[RECORD EXCERPTS — start]
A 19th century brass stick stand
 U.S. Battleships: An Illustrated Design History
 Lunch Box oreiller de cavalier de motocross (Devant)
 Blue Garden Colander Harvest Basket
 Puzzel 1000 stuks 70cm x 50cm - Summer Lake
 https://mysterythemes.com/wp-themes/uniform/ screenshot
[RECORD EXCERPTS — finish]
» **EXERCISE BRIEF**
Copy, with no alteration, the line that contains "Blue Garden Colander Harvest Basket" and each remaining line of the listing above.

» **ANSWER TO THIS PROBLEM**
 Blue Garden Colander Harvest Basket
 Puzzel 1000 stuks 70cm x 50cm - Summer Lake
 https://mysterythemes.com/wp-themes/uniform/ screenshot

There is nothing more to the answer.